Check each line of the entries below for the word "computing", and copy out the ones that have it.

## [Supplied data]
-- Opening Marker --

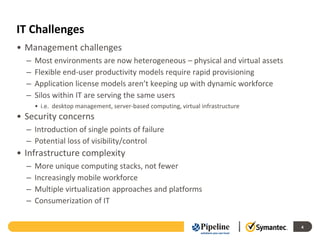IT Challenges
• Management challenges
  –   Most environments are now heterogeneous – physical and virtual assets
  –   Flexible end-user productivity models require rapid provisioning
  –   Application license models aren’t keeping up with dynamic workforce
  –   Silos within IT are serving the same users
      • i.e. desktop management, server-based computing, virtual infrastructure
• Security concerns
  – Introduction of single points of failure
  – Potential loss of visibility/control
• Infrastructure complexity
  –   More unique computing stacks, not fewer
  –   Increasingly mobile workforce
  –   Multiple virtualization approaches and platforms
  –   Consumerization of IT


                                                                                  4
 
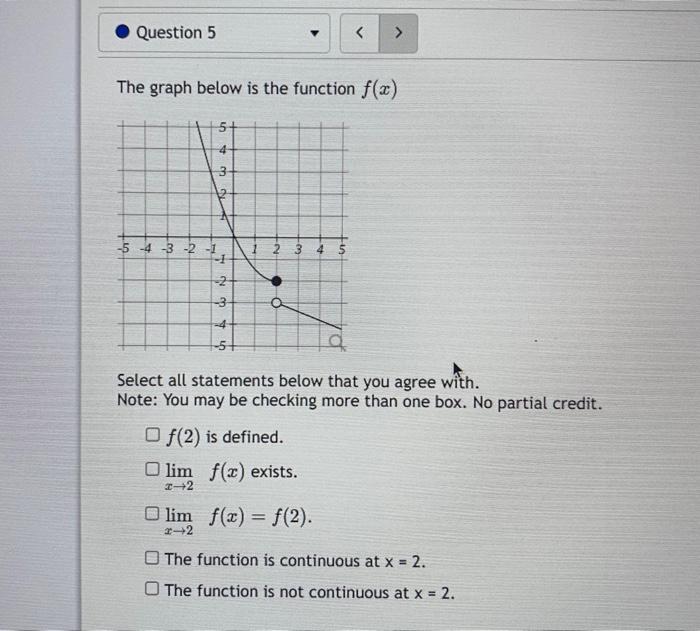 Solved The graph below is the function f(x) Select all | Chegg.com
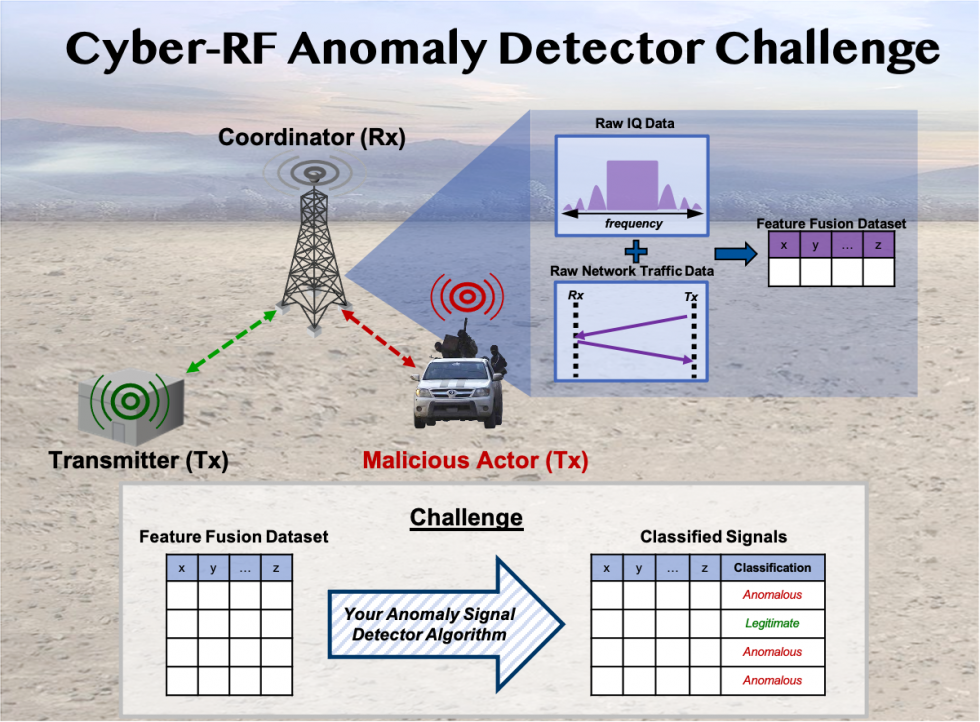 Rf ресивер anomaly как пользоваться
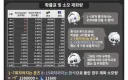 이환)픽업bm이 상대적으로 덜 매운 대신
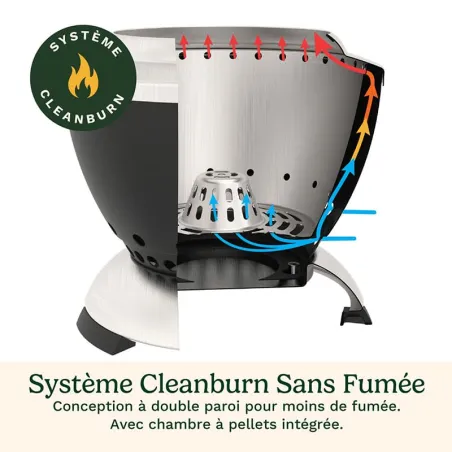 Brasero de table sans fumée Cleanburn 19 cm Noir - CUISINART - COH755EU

-- Closing Marker --
-- Opening Marker --

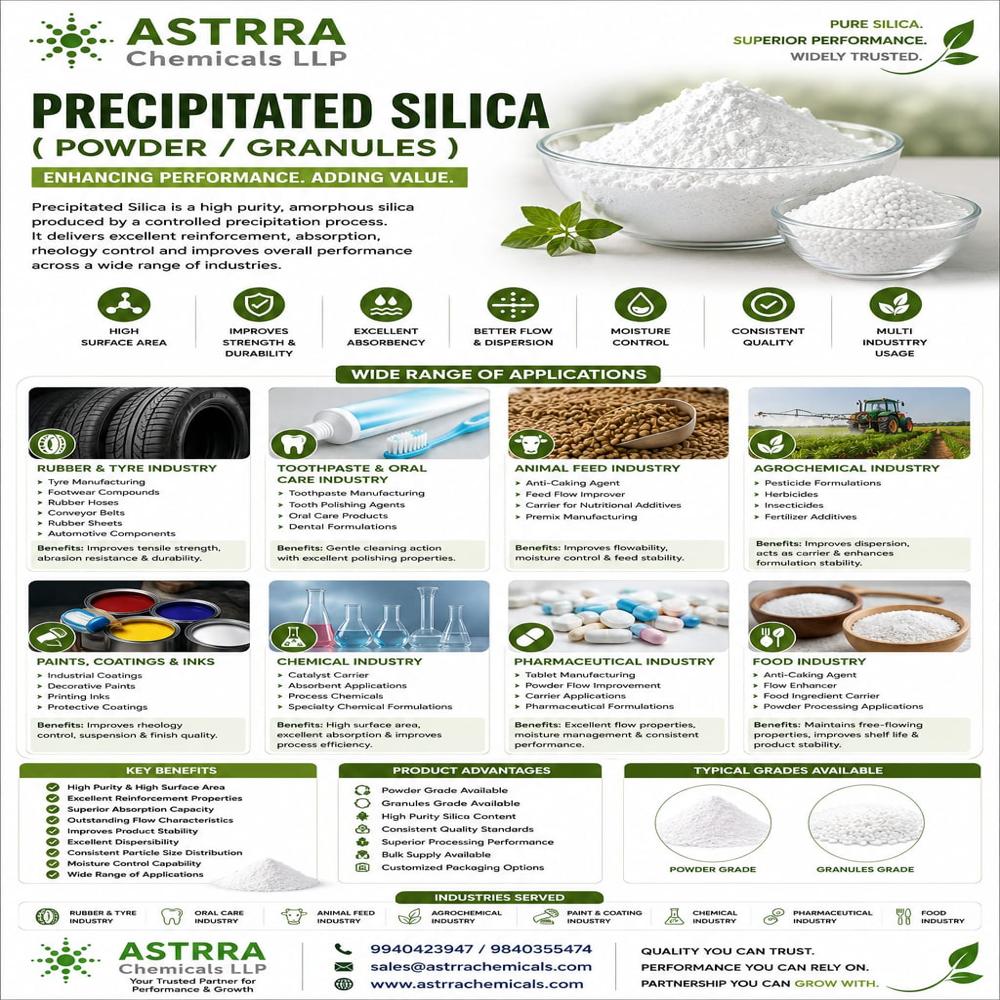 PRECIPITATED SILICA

-- Closing Marker --
-- Opening Marker --

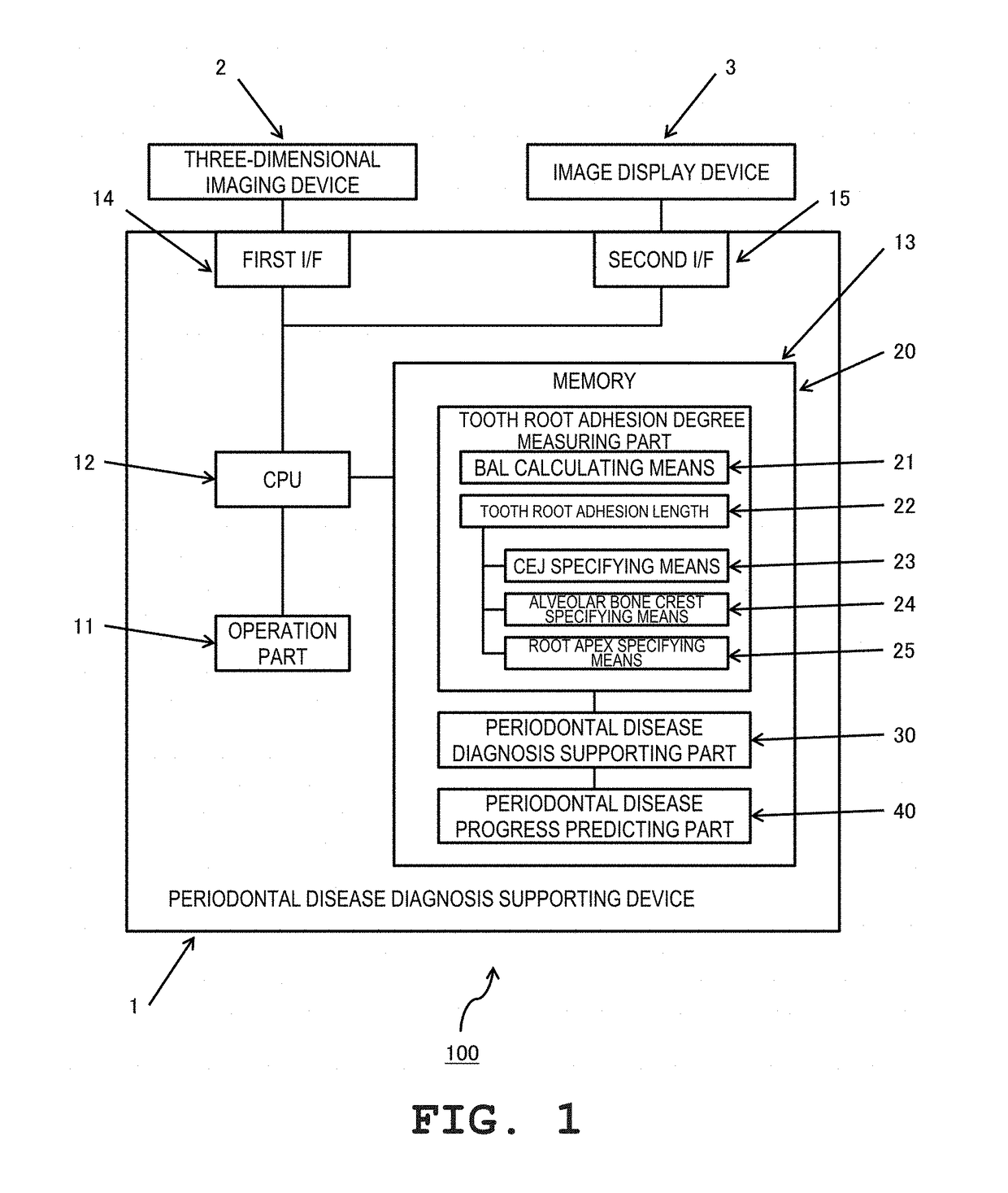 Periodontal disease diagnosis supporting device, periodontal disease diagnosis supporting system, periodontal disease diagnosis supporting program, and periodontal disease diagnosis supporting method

-- Closing Marker --

## [Expected answer]
      • i.e. desktop management, server-based computing, virtual infrastructure
  –   More unique computing stacks, not fewer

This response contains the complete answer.